# WHAT YOU ARE ASKED TO DO:
Transcribe nothing except the lines below that run from the one with "Auto Spare Parts" to the one with "Unikoo PN335 POC", ends included, and do not copy any picture.

# SUPPLIED ENTRIES:

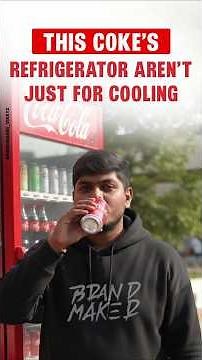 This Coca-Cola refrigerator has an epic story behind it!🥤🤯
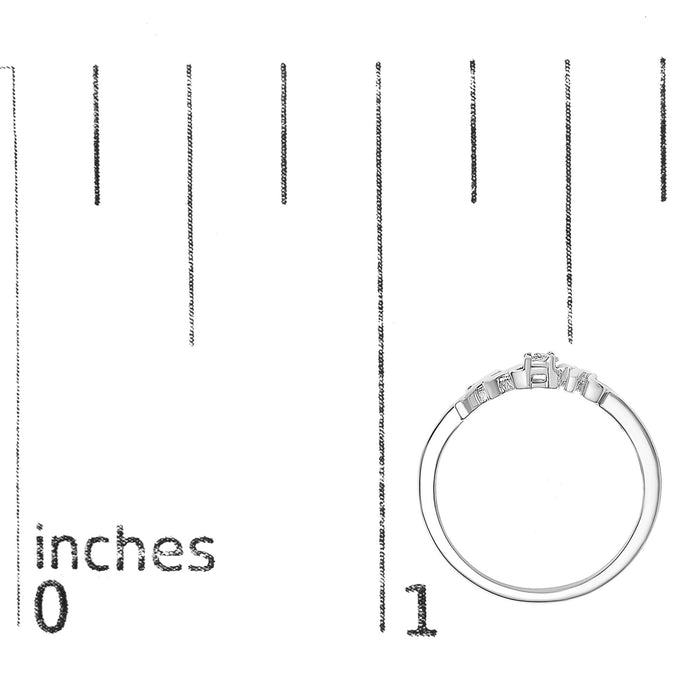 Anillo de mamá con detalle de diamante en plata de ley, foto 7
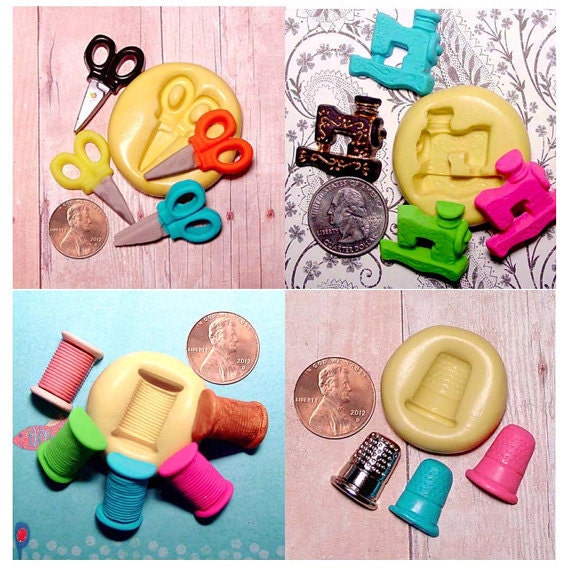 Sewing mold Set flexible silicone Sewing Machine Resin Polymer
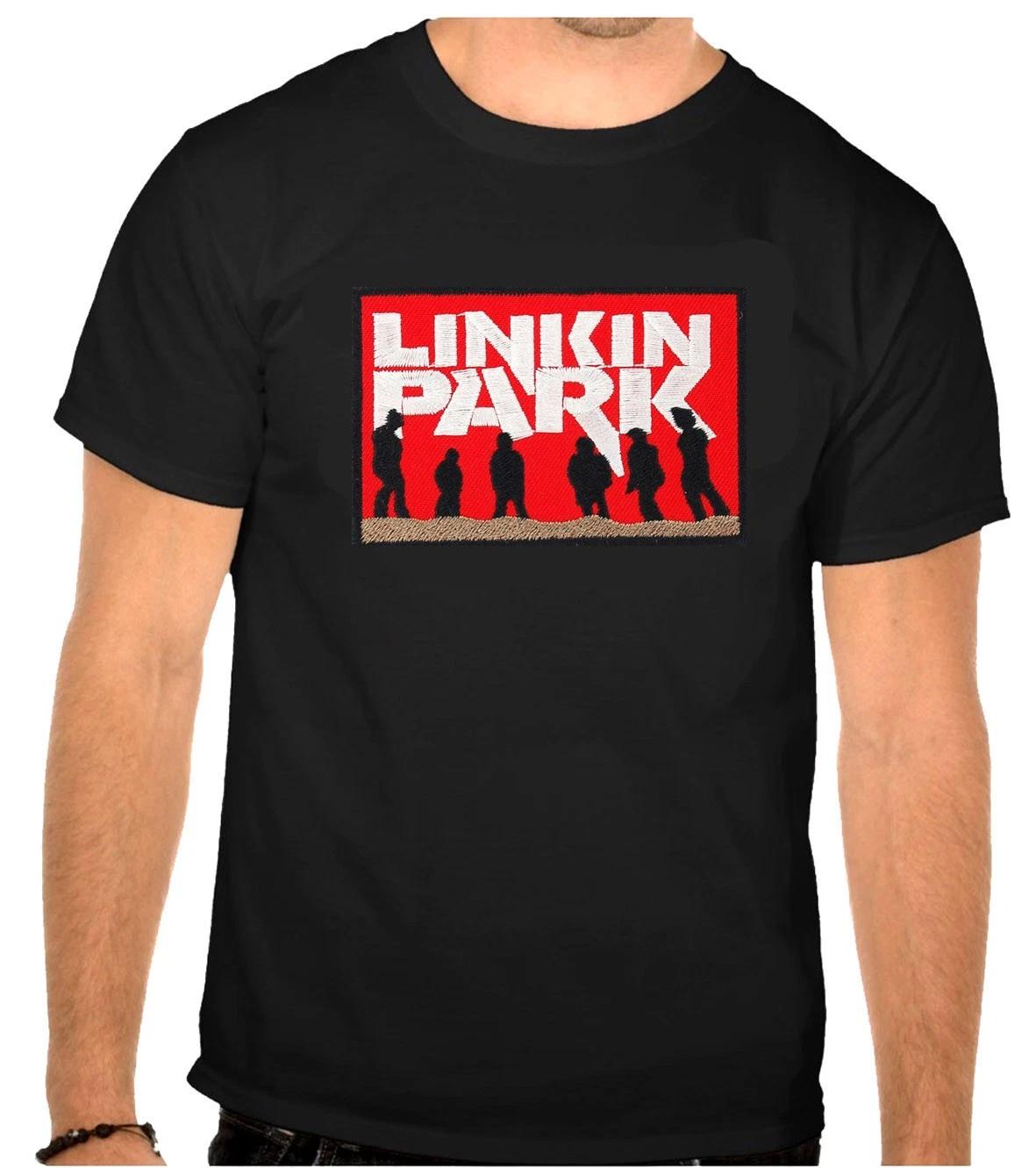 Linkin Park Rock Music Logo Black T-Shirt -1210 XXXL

==

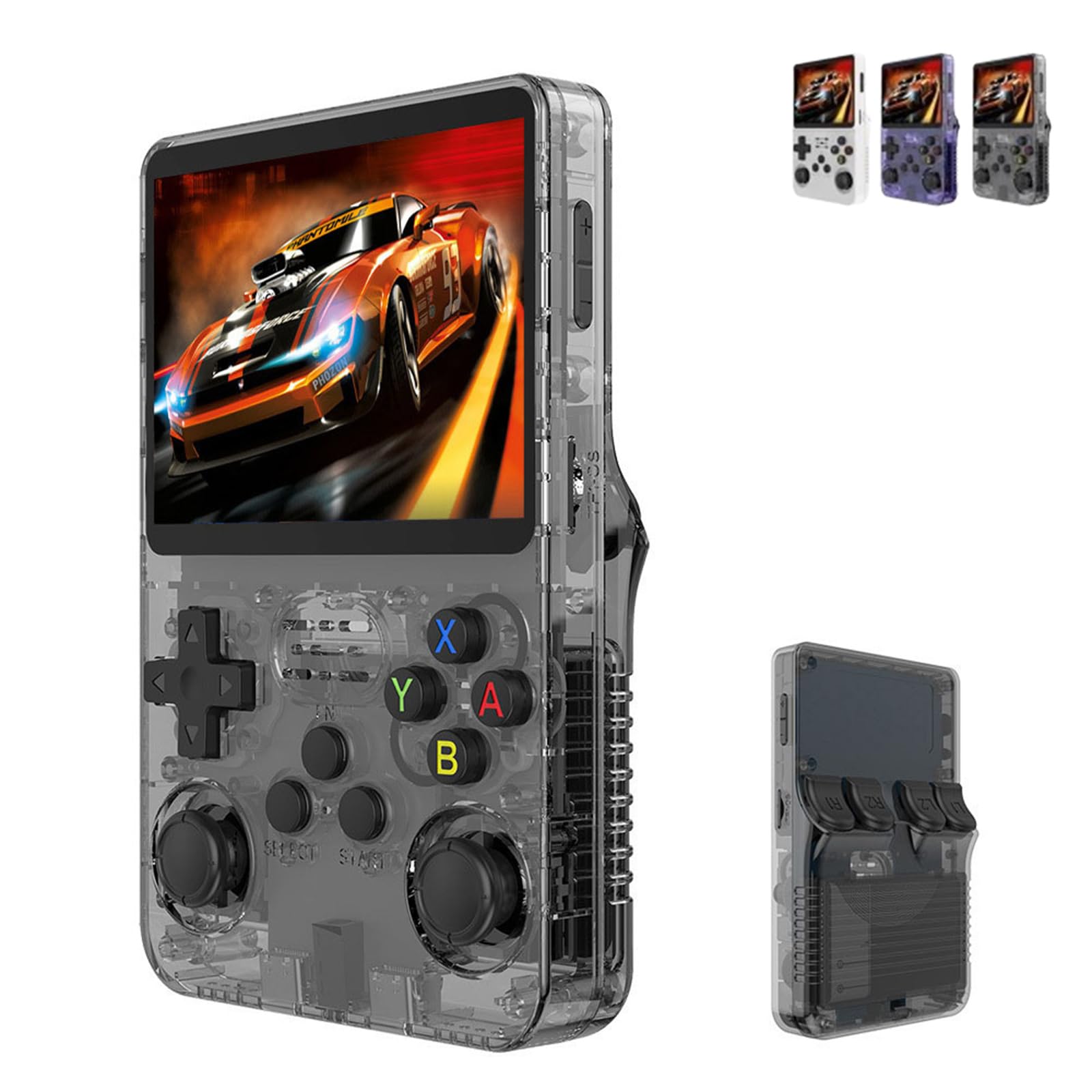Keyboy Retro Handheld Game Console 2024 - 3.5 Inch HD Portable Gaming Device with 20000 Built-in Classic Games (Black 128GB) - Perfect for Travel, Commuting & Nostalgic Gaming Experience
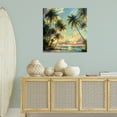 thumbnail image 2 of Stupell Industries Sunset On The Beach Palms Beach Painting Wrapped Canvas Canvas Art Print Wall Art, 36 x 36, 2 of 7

---

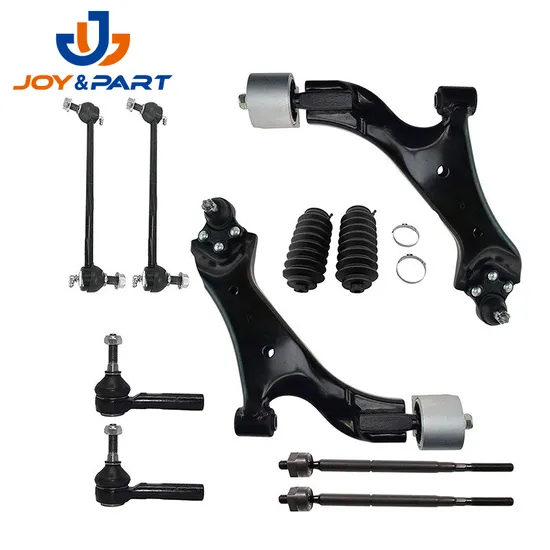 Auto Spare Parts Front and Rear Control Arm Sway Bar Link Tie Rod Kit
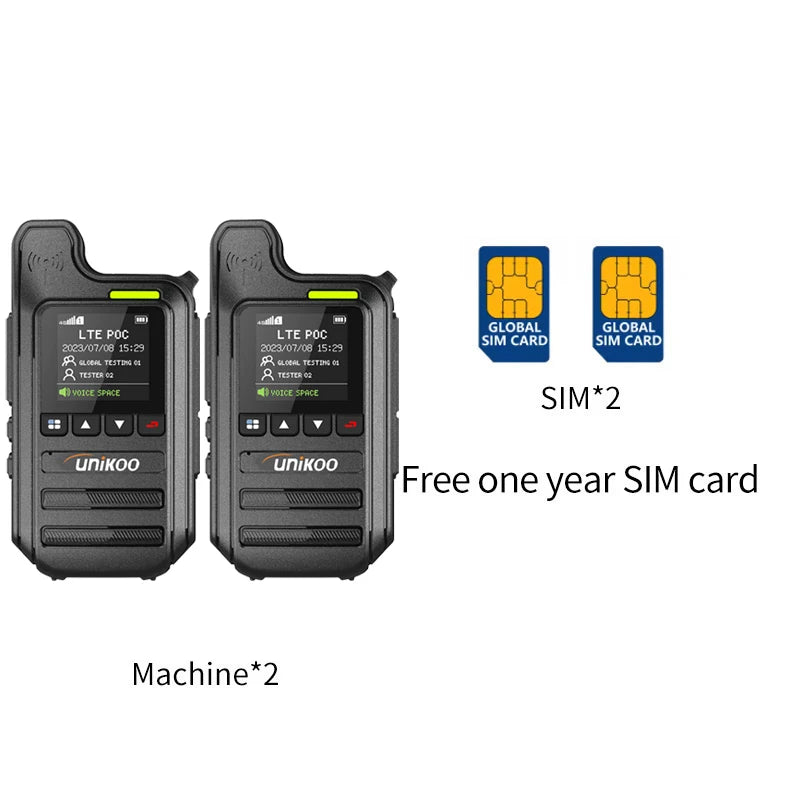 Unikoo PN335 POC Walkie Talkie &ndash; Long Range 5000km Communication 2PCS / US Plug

# TASK ANSWER:
 Auto Spare Parts Front and Rear Control Arm Sway Bar Link Tie Rod Kit
 Unikoo PN335 POC Walkie Talkie &ndash; Long Range 5000km Communication 2PCS / US Plug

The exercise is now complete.